Selain itu, ahli waris perlu memperhatikan bahwa surat keterangan waris juga dapat diperoleh dari Balai Harta Peninggalan jika sesuai dengan ketentuan yang berlaku. Semua dokumen tersebut bertujuan untuk menghindari sengketa kepemilikan di kemudian hari.
Setelah dokumen lengkap, proses pengajuan dapat dilanjutkan ke kantor pertanahan. Petugas akan melakukan verifikasi dan pengukuran ulang terhadap tanah yang akan dipecah. Hasil pengukuran menjadi dasar dalam penerbitan sertifikat baru.

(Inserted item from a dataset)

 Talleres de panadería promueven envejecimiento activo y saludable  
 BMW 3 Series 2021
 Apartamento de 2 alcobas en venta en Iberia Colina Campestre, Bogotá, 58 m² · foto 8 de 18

Pengukuran ini dilakukan secara teknis untuk memastikan batas-batas lahan baru tidak tumpang tindih. Setelah pengukuran selesai, proses akan berlanjut pada penerbitan sertifikat untuk setiap bidang tanah yang telah dipisah sesuai permohonan ahli waris.
Simulasi Biaya Pecah Sertifikat Tanah
Dalam praktiknya, proses pecah sertifikat tanah membutuhkan sejumlah biaya. Biaya ini ditentukan berdasarkan jumlah bidang tanah, luas lahan, dan penggunaan tanah apakah untuk pertanian atau non-pertanian. Kementerian ATR/BPN menyediakan simulasi perhitungan biaya di laman resminya.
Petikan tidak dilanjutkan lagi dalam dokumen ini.